While some continue the fight against the health care reform, the American Cancer Society in Colorado Springs is celebrating. It’s also hoping to see an increase in cancer survival rates.
Jennifer Geoffroy is a working mother in Colorado Springs. She found out she had breast cancer when she was 22. Thankfully for Jennifer, her insurance did cover her cancer treatments. But she says it was still a constant worry that her insurance may run out.
Jennifer is working now, but last May, exactly four years to the day she first found out about her disease, she found out her breast cancer was back. "It was hard," she said.
Along with her cancer, Jennifer’s thoughts of how to pay for tens of thousands of dollars in medical bills also came back. "You have the thought of, "oh my gosh, what if they don't cover it," recalled Geoffroy.”
"We believe that cancer incidents and mortality will dramatically be lowered with the passing of this legislation," said Chad Gufarotti, the business analyst director at the American Cancer Society. He said allowing access to cancer screenings and treatment will improve patient outcomes and lower medical costs. "The cost of treating cancer at stage one is so much cheaper than treating cancer at stage 4."
“It's great, I think it's a good step forward," said Jennifer.
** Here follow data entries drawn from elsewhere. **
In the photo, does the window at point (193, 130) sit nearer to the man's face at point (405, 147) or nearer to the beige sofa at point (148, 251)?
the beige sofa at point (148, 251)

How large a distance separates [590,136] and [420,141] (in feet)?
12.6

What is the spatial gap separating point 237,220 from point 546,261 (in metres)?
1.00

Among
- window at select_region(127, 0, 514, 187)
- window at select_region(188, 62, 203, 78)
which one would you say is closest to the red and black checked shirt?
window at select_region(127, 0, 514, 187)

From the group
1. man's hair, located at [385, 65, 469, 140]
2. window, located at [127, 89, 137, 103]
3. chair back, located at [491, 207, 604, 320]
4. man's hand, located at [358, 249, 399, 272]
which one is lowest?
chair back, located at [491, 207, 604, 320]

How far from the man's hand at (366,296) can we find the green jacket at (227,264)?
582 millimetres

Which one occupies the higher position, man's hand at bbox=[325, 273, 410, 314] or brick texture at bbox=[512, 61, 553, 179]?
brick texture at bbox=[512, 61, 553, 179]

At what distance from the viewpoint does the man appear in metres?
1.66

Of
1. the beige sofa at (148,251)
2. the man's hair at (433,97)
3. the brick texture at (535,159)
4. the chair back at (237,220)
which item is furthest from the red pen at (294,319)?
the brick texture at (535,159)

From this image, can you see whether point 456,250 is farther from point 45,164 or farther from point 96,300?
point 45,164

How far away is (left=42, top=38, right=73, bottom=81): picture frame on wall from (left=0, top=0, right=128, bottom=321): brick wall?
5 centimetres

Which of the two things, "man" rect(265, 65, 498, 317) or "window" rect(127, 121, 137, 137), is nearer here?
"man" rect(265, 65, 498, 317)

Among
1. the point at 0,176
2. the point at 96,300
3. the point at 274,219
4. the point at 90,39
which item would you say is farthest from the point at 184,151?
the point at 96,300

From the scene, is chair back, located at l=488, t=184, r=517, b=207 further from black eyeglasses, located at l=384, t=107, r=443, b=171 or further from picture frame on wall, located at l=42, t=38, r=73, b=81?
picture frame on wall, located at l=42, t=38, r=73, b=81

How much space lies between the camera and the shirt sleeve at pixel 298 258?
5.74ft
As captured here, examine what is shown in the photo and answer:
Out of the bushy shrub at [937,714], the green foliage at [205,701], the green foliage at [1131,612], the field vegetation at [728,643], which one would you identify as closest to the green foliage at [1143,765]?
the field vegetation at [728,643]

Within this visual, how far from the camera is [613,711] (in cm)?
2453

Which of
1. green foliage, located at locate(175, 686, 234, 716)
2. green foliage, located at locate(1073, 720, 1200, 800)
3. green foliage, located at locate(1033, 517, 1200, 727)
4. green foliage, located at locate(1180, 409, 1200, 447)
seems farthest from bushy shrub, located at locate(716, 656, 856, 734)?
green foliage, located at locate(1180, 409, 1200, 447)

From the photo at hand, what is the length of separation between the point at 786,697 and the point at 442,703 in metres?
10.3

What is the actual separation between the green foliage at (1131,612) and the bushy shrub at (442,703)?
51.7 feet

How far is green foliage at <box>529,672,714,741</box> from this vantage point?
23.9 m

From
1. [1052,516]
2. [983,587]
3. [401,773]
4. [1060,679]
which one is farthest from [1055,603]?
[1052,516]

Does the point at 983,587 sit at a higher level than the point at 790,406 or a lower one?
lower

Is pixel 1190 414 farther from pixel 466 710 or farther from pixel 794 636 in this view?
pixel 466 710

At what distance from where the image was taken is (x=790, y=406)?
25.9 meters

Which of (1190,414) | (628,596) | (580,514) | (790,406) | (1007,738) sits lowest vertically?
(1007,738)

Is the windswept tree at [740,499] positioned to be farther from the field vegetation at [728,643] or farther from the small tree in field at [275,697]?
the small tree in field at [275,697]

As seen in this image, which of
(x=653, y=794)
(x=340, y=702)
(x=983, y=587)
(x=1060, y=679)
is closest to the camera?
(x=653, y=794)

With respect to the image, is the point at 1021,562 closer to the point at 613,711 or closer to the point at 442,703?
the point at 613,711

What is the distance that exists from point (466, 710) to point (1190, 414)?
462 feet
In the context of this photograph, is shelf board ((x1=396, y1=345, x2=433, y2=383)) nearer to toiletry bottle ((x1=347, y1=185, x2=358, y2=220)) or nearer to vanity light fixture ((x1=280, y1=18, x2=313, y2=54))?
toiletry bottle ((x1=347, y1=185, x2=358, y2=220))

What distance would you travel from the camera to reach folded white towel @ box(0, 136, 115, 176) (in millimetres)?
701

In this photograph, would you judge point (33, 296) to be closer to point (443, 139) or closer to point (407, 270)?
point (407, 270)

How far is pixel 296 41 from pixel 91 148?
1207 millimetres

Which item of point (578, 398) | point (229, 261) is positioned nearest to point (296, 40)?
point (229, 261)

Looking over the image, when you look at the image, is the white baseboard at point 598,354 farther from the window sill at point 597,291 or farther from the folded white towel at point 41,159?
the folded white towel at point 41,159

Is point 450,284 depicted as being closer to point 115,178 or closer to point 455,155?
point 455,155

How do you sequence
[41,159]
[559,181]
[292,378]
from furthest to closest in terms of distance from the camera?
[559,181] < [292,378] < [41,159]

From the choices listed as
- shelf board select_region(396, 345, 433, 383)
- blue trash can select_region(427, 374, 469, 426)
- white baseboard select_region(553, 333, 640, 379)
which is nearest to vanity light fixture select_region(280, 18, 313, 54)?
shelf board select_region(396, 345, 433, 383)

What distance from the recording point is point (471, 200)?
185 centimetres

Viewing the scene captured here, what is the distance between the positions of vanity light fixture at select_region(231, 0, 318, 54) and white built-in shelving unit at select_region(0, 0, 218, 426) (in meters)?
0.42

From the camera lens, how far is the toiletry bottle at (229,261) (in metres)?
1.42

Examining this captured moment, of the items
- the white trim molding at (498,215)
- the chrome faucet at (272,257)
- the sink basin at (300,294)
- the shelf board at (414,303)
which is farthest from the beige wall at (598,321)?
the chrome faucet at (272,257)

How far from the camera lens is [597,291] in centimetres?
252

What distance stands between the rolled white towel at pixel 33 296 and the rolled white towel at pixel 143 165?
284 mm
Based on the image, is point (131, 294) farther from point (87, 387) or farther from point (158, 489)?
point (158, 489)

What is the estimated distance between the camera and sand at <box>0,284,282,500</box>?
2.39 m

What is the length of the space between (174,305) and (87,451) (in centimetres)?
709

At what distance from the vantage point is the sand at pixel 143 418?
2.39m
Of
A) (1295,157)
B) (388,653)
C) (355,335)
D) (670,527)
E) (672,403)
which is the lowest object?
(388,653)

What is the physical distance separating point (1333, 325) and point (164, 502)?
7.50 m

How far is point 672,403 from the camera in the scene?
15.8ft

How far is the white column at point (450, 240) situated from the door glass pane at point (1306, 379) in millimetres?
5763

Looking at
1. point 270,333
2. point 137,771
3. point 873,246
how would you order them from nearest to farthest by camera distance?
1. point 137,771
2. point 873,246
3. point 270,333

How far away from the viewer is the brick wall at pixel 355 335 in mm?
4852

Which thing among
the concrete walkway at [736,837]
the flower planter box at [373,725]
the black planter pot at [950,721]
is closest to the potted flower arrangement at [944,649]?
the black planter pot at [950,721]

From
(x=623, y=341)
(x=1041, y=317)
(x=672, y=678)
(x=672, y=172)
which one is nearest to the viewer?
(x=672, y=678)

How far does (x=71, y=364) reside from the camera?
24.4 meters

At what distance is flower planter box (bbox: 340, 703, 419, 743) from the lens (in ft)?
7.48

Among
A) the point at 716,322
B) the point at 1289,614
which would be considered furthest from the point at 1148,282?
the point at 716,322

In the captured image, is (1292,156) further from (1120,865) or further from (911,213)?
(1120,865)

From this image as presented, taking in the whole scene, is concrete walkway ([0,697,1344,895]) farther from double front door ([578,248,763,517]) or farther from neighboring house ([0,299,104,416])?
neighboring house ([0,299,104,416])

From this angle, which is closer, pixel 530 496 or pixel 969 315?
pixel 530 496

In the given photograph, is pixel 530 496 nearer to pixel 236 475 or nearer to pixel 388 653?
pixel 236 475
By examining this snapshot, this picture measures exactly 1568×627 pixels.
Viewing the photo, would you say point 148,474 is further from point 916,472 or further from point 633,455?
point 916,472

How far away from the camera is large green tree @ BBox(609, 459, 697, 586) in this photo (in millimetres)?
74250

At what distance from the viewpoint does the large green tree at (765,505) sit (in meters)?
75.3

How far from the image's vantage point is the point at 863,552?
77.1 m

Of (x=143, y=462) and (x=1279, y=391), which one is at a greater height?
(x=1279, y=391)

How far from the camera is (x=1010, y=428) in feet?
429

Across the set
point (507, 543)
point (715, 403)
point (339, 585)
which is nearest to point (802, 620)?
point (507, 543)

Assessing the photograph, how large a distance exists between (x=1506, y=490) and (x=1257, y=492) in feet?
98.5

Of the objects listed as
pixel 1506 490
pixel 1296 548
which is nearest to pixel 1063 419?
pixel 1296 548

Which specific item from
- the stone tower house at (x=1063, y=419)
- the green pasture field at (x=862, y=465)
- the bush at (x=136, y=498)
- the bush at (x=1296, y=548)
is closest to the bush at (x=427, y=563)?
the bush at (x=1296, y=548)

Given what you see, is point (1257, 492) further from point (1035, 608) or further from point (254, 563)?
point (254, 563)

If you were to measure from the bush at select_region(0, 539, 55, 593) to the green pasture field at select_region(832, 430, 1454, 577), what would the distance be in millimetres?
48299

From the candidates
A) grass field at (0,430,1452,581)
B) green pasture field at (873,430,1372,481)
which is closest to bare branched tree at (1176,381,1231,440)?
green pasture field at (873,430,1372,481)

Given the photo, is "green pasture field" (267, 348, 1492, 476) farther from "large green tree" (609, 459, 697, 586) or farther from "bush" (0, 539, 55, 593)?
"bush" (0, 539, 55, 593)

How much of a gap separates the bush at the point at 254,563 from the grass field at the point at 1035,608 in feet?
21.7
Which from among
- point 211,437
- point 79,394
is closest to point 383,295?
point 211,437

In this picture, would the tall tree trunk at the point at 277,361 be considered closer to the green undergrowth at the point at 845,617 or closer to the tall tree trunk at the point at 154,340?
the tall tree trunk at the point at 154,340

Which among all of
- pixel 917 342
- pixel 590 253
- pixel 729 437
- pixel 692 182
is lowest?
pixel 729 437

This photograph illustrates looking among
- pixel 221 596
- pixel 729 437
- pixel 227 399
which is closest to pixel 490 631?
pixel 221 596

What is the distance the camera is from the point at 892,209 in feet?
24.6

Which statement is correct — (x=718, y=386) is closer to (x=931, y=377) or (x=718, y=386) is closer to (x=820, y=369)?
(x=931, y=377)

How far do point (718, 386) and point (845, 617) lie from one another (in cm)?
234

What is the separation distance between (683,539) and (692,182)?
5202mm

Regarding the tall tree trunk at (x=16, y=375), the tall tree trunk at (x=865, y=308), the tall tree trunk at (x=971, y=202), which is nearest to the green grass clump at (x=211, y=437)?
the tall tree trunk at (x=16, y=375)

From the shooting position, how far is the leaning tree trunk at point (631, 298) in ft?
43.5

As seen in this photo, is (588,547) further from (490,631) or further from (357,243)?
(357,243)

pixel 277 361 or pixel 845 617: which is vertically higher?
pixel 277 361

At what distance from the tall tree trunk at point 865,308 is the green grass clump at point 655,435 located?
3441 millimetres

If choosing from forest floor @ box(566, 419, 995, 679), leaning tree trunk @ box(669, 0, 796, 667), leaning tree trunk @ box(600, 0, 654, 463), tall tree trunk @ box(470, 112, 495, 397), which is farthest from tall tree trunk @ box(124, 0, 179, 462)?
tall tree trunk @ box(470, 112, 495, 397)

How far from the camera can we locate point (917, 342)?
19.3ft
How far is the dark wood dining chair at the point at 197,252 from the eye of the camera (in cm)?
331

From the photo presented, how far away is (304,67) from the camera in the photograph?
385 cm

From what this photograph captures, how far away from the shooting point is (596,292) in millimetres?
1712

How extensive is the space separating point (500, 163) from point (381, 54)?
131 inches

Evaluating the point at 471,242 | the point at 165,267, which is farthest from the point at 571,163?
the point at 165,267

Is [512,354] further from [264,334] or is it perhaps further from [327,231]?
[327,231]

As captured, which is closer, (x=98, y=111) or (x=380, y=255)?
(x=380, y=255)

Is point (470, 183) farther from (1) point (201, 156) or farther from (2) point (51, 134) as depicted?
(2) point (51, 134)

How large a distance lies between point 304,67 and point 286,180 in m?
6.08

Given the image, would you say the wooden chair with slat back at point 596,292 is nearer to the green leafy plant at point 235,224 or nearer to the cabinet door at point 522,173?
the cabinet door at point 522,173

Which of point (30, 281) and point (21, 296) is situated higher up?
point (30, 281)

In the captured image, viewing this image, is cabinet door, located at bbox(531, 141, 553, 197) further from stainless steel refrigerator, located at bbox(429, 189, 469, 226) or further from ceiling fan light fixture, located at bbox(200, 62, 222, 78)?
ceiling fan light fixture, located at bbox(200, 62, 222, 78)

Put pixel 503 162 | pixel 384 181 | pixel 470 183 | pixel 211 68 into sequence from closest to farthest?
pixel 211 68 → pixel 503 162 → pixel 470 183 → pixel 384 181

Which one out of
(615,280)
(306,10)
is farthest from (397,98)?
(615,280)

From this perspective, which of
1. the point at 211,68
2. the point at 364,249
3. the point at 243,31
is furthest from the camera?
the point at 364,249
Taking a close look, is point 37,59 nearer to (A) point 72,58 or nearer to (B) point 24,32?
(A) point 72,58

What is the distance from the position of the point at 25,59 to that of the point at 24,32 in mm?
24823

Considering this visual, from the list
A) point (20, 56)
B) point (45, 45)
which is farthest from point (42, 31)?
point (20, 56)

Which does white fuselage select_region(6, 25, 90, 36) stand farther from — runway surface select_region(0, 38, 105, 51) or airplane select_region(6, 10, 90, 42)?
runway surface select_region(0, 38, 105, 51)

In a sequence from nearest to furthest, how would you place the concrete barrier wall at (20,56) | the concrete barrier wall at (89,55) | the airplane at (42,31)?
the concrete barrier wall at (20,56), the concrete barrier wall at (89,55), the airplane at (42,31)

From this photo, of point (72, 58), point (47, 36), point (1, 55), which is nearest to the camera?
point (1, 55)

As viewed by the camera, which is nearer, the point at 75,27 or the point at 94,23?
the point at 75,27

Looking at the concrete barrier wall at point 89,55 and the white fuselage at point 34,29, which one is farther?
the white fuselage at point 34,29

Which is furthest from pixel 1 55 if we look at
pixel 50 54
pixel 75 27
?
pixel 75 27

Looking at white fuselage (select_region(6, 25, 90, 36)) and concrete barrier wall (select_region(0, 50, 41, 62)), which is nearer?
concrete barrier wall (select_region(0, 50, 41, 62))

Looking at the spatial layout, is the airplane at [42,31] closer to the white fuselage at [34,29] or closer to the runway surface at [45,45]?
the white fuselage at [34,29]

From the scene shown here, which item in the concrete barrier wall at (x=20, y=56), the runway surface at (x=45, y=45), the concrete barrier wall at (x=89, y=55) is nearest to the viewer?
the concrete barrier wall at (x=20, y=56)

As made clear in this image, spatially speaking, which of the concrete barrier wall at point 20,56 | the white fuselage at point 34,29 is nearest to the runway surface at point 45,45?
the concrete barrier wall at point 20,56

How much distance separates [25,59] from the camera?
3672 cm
She’s been cancer free since October. With the new health care overhaul, she hopes other cancer patients won't have to deal with insurance worries like she had to. "That's one less headache and they could just focus on themselves.” They can also focus on getting better.
The American Cancer Society, like a lot of other organizations, isn't sure yet exactly how much of an impact the new health care law will have.